- **Entries provided**
··········
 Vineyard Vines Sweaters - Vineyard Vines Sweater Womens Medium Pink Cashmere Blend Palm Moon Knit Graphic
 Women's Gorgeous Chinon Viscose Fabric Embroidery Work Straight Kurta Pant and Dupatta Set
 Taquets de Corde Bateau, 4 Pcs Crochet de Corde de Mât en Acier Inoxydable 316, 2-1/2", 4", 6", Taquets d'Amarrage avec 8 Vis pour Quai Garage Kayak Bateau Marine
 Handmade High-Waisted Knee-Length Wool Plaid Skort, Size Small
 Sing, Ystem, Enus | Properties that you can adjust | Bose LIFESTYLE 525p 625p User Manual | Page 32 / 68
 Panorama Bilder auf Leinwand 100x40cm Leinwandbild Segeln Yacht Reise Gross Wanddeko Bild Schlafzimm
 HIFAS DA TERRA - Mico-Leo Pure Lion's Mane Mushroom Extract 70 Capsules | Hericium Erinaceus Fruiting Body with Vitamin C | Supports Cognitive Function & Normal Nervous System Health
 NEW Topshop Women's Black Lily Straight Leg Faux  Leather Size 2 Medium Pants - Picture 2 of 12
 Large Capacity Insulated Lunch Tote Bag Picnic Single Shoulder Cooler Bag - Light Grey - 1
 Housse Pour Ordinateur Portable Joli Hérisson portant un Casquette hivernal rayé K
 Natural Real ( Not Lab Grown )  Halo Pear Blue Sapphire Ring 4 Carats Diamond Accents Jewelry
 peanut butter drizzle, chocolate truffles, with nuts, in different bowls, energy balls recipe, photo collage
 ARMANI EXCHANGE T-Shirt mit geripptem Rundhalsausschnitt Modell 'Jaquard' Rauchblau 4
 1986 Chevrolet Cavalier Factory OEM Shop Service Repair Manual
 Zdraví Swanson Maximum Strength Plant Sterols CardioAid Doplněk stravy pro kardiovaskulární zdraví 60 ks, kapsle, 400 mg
··········
- **Action item**
Your task is to transcribe exactly the lines from the one with "ARMANI EXCHANGE T-Shirt" through the end of the data, both included, and nothing besides.

- **Exercise solution**
 ARMANI EXCHANGE T-Shirt mit geripptem Rundhalsausschnitt Modell 'Jaquard' Rauchblau 4
 1986 Chevrolet Cavalier Factory OEM Shop Service Repair Manual
 Zdraví Swanson Maximum Strength Plant Sterols CardioAid Doplněk stravy pro kardiovaskulární zdraví 60 ks, kapsle, 400 mg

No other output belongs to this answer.